Er stockte. Entsetzt machte er sich klar, wie seine Worte auf sie wirken mussten. Beispiellose Furcht riss den Zorn mit sich hinfort. Sie würde ihn bestrafen. Sie würde es ihm heimzahlen, dass er so mit ihr gesprochen hatte.

»Es tut mir leid«, stammelte er. »Ich… ich wollte nicht…«

Die Frau betrachtete ihn. Sie machte keine Anstalten, ihn ein weiteres Mal zu schlagen.

»Ja, du hast Recht«, sagte sie erstaunlicherweise. »Ich hätte dich anrufen lassen sollen.«

Kuhn pumpte Luft in seine Lungen. Immer noch fühlte er sich kaum in der Lage, aufzustehen nach dem Schlag in die Magengrube.

»Ich kann jetzt anrufen«, keuchte er.

»Nein.« Sie schüttelte den Kopf. »Ich habe umdisponiert. Sollen sie ruhig nach dir suchen. Es ändert nichts.«

»Aber es könnte wichtig sein, ich meine .«

»Sie werden einer anderen Fährte folgen, die wir gelegt haben.
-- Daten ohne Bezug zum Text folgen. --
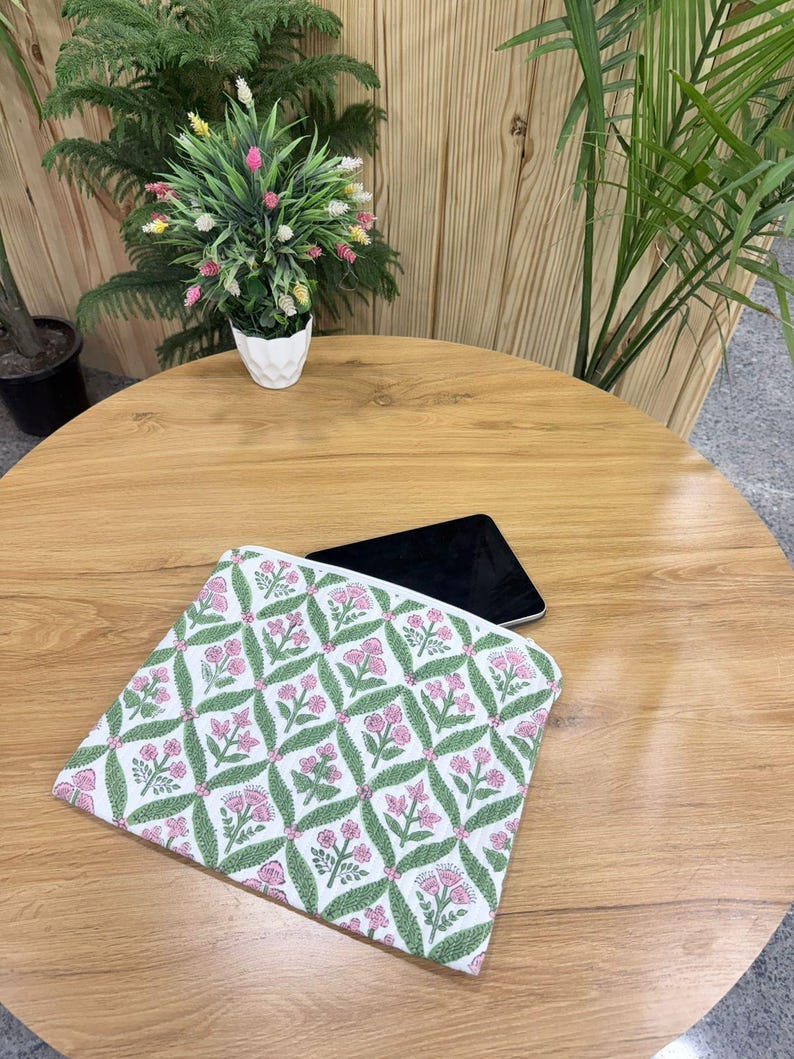 May include: A white and pink floral patterned laptop sleeve with a green leaf design. The sleeve is on a wooden table with a black tablet. A small white pot with a plant is in the background.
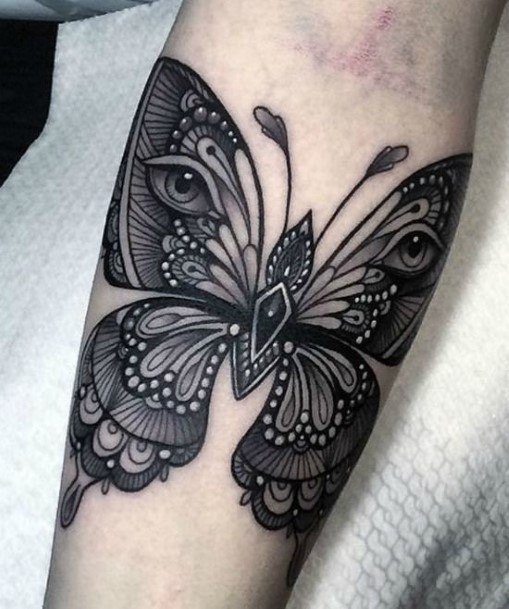 Intricate Design With Eyes On Butterfly Tattoo Women Forearms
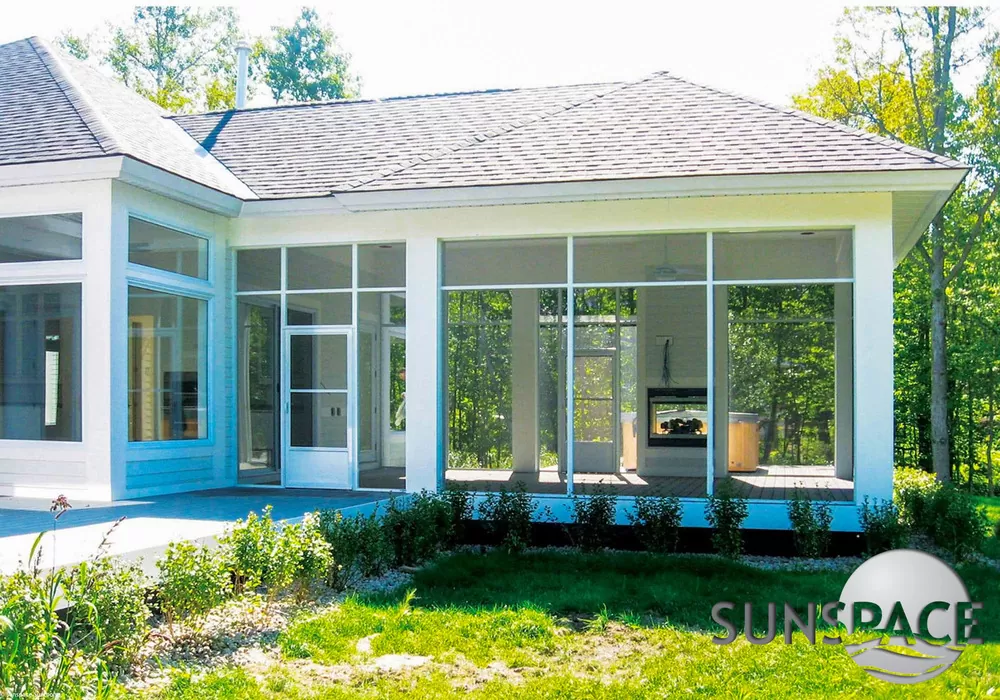Sunspace glass sunroom with an outdoor fireplace and deck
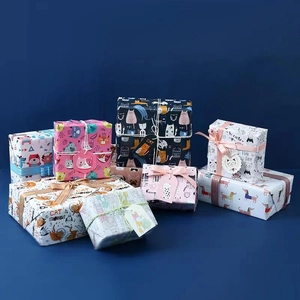 Cartoon kitten gift wrapping paper set with colorful cat and dog patterns for birthdays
Im Zweifel passt du da als Entführungsopfer ganz gut rein.« Sie machte eine Pause. »Oder als Leiche.«

Kuhn schluckte schwer und rappelte sich hoch.

»Wie lange noch?«, fragte er matt.

Sie sah ihn an und zuckte die Achseln.

»Ich will dich nicht töten.«

So wie sie es sagte, hatte Kuhn keinen Zweifel daran, dass sie es ernst meinte. Er lehnte sich schwer atmend gegen die Wand und wischte mit der freien Hand das Blut von der Oberlippe.

»Wenn Sie getan haben, weswegen Sie hergekommen sind«, sagte er, »können Sie mich doch fortlassen, oder? Ich habe doch überhaupt nichts mit Ihren Angelegenheiten zu tun.«

»Dafür hast du deine Nase ziemlich tief reingesteckt, findest du nicht?«

»Was Sie tun, ist unrecht. Ich weiß nicht, was Sie vorhaben, aber Sie begehen ein Verbrechen. Ich habe meine Nase reingesteckt, weil wir dachten, Liam, Kika und ich, dass wir ein Verbrechen verhindern könnten. Glauben Sie nicht, dass wir damit im Interesse eines wesentlich größeren Teils der Menschheit handeln als Sie?«

»Ja«, sagte die Frau. »Das tut ihr wohl.«

Er war irritiert. Er hatte erwartet und befürchtet, dass sie wieder auf ihn losgehen würde, aber offenbar reagierte sie auf Opposition mit Ruhe und Gelassenheit. Eigentlich machte sie auf Kuhn nicht den Eindruck einer blindwütigen Fanatikerin. Sofern man mit ihr reden konnte, würde seine einzige Chance eben darin bestehen. Zu reden.

Allmählich, trotz der nagenden Angst, schöpfte er wieder ein bisschen Mut.

»Werden Sie mir sagen, was Sie vorhaben?«, fragte er.